----- Data shown

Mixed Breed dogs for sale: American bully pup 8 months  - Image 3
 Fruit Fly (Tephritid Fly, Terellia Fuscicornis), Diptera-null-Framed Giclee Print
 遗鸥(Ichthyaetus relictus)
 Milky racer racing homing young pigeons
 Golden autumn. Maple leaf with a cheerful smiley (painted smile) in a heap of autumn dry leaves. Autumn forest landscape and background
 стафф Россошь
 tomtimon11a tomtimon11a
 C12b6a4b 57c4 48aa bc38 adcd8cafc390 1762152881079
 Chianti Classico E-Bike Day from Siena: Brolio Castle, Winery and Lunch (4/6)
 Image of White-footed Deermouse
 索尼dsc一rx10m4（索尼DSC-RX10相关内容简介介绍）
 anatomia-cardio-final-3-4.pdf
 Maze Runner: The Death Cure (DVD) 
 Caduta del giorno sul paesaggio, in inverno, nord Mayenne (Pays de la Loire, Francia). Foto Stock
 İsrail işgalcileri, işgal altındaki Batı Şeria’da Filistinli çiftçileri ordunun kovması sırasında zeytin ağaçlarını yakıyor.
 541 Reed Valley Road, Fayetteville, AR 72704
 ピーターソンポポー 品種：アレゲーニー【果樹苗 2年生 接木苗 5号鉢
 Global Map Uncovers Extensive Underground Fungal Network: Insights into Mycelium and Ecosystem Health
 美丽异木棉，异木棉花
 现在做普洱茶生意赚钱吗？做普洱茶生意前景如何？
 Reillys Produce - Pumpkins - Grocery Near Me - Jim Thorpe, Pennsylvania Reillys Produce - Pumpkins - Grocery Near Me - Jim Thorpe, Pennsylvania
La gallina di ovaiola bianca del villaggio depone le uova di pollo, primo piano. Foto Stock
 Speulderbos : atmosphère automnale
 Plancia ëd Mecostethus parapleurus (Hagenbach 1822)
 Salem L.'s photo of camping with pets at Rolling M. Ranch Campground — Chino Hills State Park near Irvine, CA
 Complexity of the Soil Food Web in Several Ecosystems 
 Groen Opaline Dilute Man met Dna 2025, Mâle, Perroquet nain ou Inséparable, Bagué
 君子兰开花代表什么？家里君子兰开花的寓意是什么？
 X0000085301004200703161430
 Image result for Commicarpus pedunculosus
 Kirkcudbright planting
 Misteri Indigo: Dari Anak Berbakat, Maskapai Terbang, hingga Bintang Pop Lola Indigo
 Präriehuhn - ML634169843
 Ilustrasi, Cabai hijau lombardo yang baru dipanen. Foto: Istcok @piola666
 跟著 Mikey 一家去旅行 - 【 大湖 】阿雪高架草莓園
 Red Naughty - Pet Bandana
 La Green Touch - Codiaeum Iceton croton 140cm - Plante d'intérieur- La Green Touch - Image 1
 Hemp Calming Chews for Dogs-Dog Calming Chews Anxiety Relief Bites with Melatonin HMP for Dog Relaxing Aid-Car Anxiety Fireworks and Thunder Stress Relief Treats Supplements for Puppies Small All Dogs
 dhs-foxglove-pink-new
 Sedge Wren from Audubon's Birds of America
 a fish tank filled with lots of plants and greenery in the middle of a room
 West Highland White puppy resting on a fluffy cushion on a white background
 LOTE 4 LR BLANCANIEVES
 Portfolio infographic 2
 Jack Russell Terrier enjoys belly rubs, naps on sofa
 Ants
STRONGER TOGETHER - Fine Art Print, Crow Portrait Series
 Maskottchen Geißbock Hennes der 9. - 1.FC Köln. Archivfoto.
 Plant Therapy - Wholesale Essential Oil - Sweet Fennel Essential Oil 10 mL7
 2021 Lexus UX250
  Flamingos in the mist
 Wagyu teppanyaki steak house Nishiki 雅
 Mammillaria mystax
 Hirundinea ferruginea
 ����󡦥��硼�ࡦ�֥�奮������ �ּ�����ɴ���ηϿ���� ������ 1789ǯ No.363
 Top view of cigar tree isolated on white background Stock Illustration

----------

◆ **Task to complete**
Take the line containing "Hirundinea ferruginea" as the first line and the last line of the data above as the final one. Write out these lines and all between them exactly.

◆ **Output for this task**
 Hirundinea ferruginea
 ����󡦥��硼�ࡦ�֥�奮������ �ּ�����ɴ���ηϿ���� ������ 1789ǯ No.363
 Top view of cigar tree isolated on white background Stock Illustration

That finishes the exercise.